Authors: Yu-Shan Tseng*, University of Durham
Topics: Urban Geography
Keywords: Digital Democracy; Urban Politics; Occupy Movement; ANT
Session Type: Paper
Start / End Time: 5:00 PM / 6:40 PM
Room: Executive Room, Omni, West
Presentation File: No File Uploaded
Urban spaces are considered as key loci for political demonstration or revolution (Lefebvre 1996; Harvey 2011) and currently are becoming increasingly connected and reproduced through digital technologies (Crang &Graham 2007; Shepard 2011). However, there is a paucity of literature emphasising the relationship between digital technologies, urban spaces and politics. Therefore, this proposal examines two digital platforms (Decide Madrid and vTaiwan) as a way of understanding these new relationships in specific urban contexts. I argue that Decide Madrid and vTaiwan are not merely digital technologies, but mechanisms which generate new forms of urban politics.

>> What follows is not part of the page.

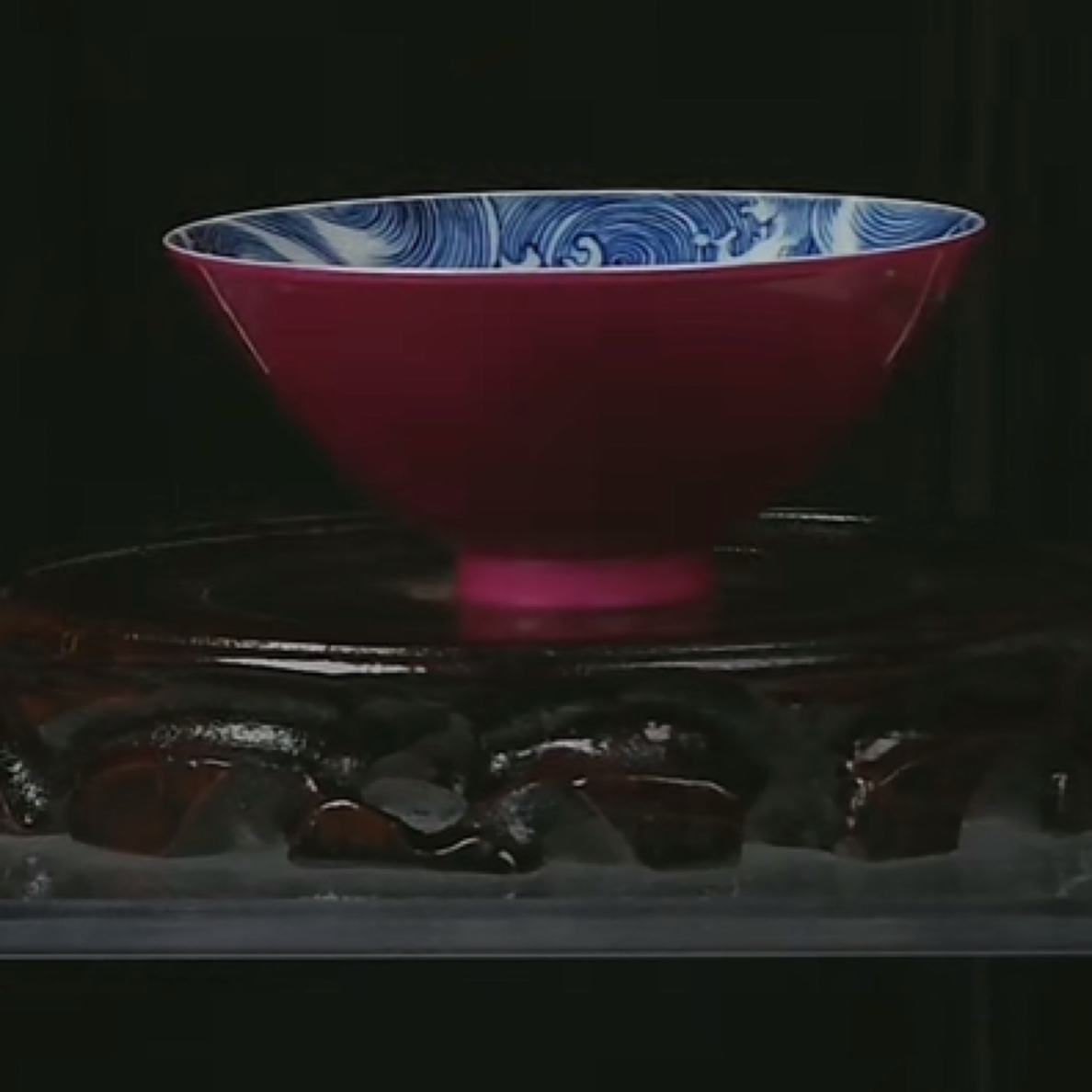 M内青花海水龙纹外胭脂红釉斗笠杯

These two platforms could not have appeared without the emergence of the Occupy movements (15M in Madrid/Sunflower Movement in Taipei). These movements have been described as the ‘return of the political’ (Swyngedouw 2014). It has been said that they opened up new imaginations of the politics of ‘digital urban’, that is, new possibilities of doing urban politics via digital technologies.

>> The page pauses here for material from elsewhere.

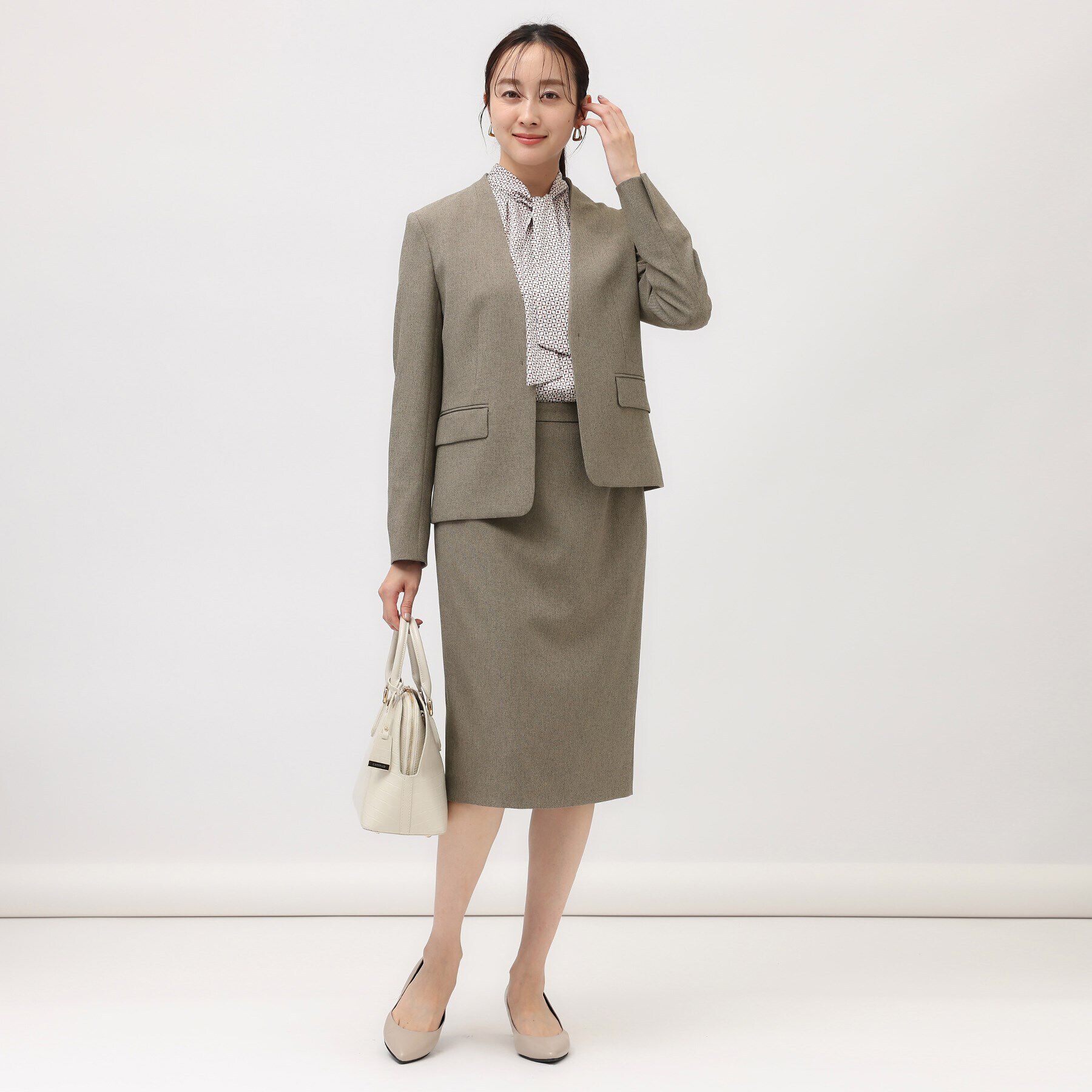 UNTITLED「【通勤スーツ/入卒/セレモニー】ウーステッドカルゼ カラーレスジャケット」|ノーカラージャケット|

In addition, drawing from the concept of urban cosmopolitics (Blok &Farías 2016) and depoliticisation (Ranciere 1997; Mouffe 2005; Swyngedouw 2014), I hope to indicate what specific types of politics Decide Madrid and vTaiwan produce. An initial analysis suggests Decide Madrid and vTaiwan attempt to actualize conceptions of urban cosmopolitics “in which the unknown,…, may suddenly become visible, problematic, generative of new relationships...” (Blok &Farías 2016, p.14); having said that, vTaiwan appears to articulate more of a depolitical condition (Swyngedouw 2014), in that the digital platform is sometimes used for legitimating political decision taken previously by politicians.